EXCERPTED DATA:
--------------------------------------------------
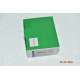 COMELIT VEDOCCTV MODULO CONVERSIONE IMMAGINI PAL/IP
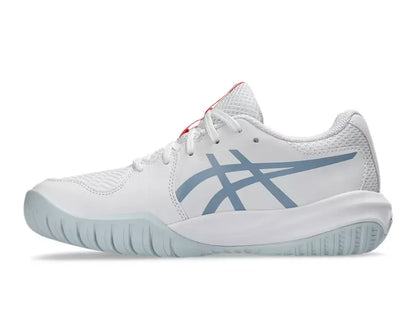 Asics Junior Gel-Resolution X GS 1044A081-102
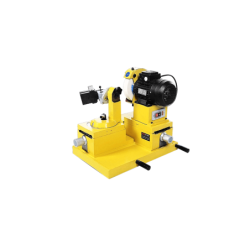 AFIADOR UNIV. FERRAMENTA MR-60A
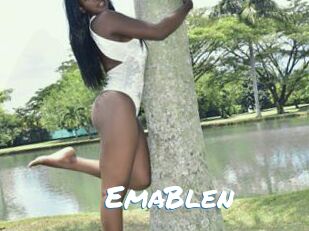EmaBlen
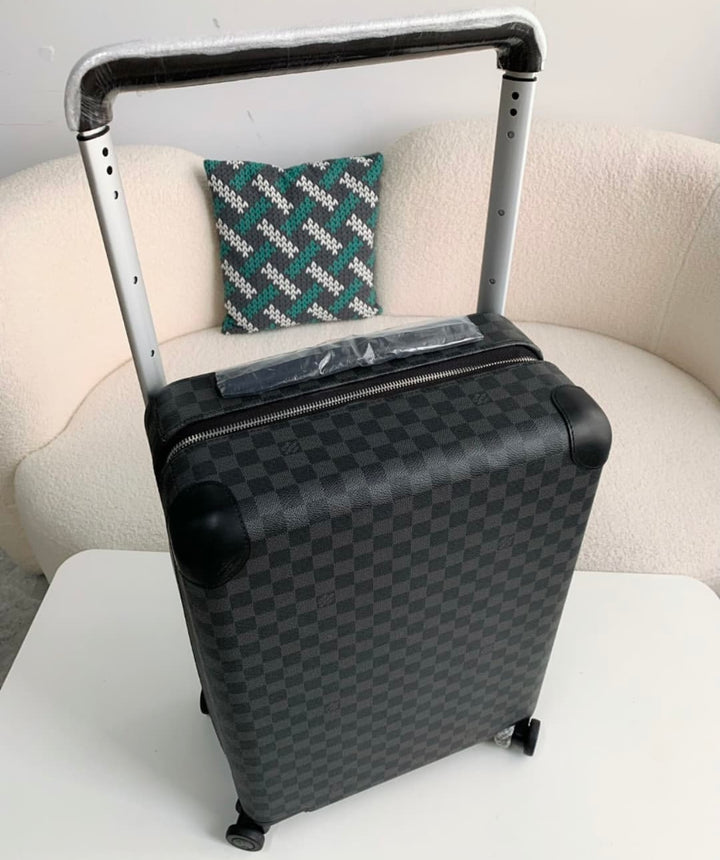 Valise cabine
--------------------------------------------------
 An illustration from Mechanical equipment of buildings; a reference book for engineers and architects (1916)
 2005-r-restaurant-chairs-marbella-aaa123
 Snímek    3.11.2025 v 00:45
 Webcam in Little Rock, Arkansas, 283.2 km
--------------------------------------------------
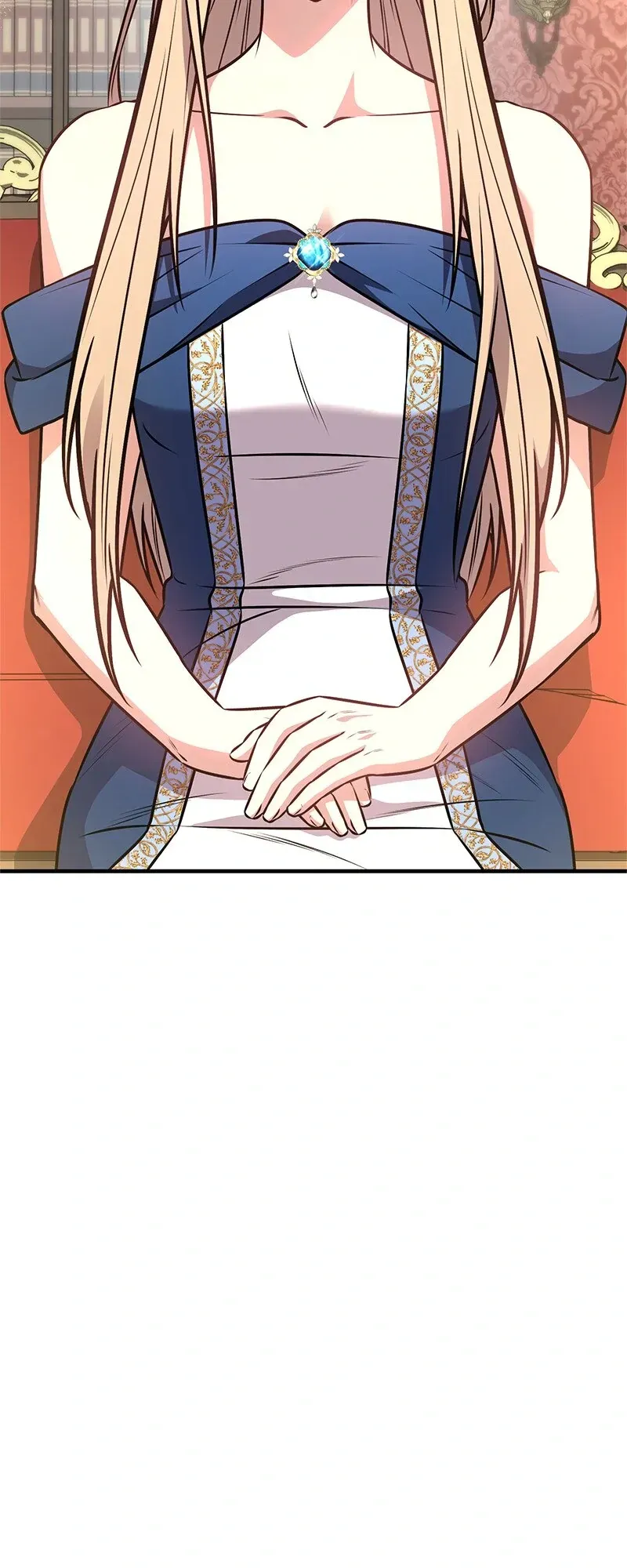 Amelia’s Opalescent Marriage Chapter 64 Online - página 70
--------------------------------------------------
TASK DETAILS:
Above are the records; repeat exactly the lines from the one holding "3.11.2025 v 00:45" down to the one holding "Webcam in Little Rock, Arkansas, 283.2 km", end lines included.

EXERCISE ANSWER:
 Snímek    3.11.2025 v 00:45
 Webcam in Little Rock, Arkansas, 283.2 km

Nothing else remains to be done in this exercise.